Des essais réitérés pour trouver un accord de pensée entre Américains et Japonais sur les politiques américaines ultramarines s’étouffèrent lorsqu’il fut visible que les bases américaines servaient à autre chose qu’à la défense du Japon. Il vint au peuple japonais une fièvre à épisodes, des malaises auxquels conviennent des noms de banderoles promenées dans des défilés à dates fixes, et « l’impression diffuse que l’occupation n’a jamais vraiment cessé, s’est perpétuée (…) jusqu’à nos jours. »
Il faut ajouter que « dès les années 1950 (les Japonais ont perçu l’asymétrie dans les rapports de leur pays avec l’Amérique) dans la mesure où les États-Unis ont pris soin, à l’époque, de ne pas s’engager à défendre leur ancien ennemi au cas d’agression étrangère, se laissant les mains encore plus libres que dans l’accord signé en 1949 avec les pays européens dans le cadre de l’Organisation du Traité de l’Atlantique Nord » (p. 16).

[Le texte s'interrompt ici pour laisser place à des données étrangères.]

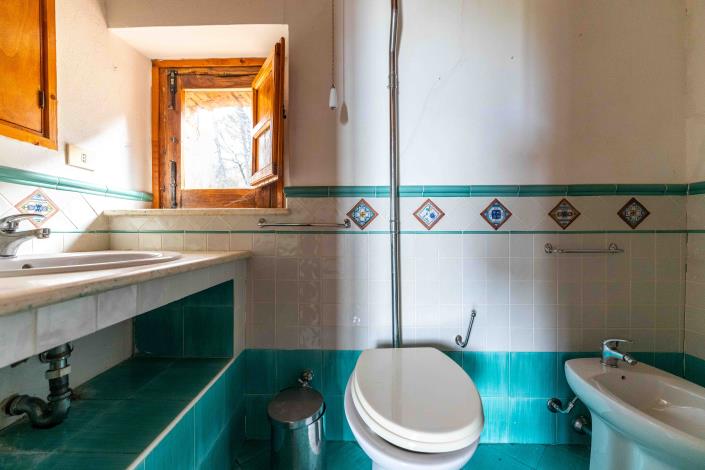 Image No.35-5 Bed Villa for sale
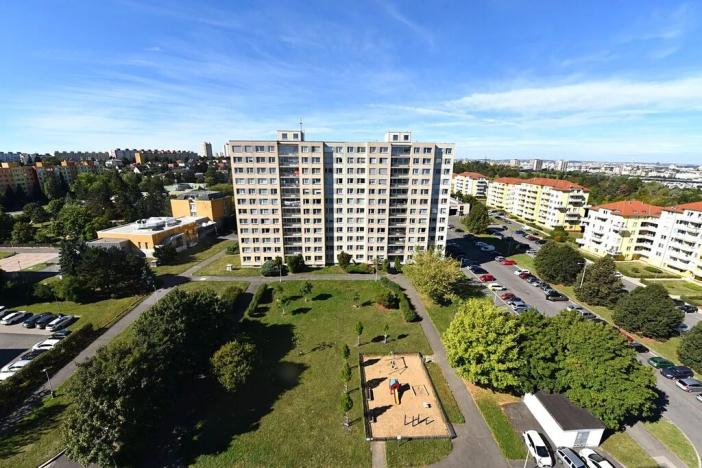 Prodej bytu 3+1, Praha - Horní Měcholupy, Boloňská, 77 m2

De nombreux aperçus de ce livre portent sur « la politique de réorientation des esprits » au Japon. Elle a été menée « conjointement par le SCAP (le Commandant supérieur en Asie-Pacifique), les agences de renseignement, certaines fondations privées et de grandes universités américaines » en vue de « convertir les élites et la jeunesse japonaises et, à travers elles, toute la société nippone, aux principes de la démocratie représentative libérale ». Dans les études de cas qui figurent au dernier chapitre on verra que le choix fait par les autorités d’occupation de ne pas recourir aux intellectuels japonais formés aux études classiques et férus de démocratie confirme « la prééminence au sein des élites américaines des années 1940 d’une sensibilité pragmatique au sens large qui ne prend pas uniquement pour cible le communisme et l’ultranationalisme mais rejette en bloc l’idéalisme et les valeurs établies au profit d’une transformation incrémentale et méthodique des comportements sociaux » (p. 228). Rabougrir, dans le cas où on le destine à des nations occupées, l’enseignement de la démocratie par l’exemple d’Athènes et Rome revu et corrigé est une attitude qu’on assimile à de l’anticolonialisme. L’auteur juge qu’une politique éducative et culturelle menée de façon arbitraire comporte elle aussi « de la domination ». D’ailleurs qui chercherait à déceler de l’anticolonialisme idéologique dans le comportement de l’équipe de MacArthur constituée d’amis avec qui on s’est lié aux Îles Philippines, s’y dépenserait – croyons-nous – vainement.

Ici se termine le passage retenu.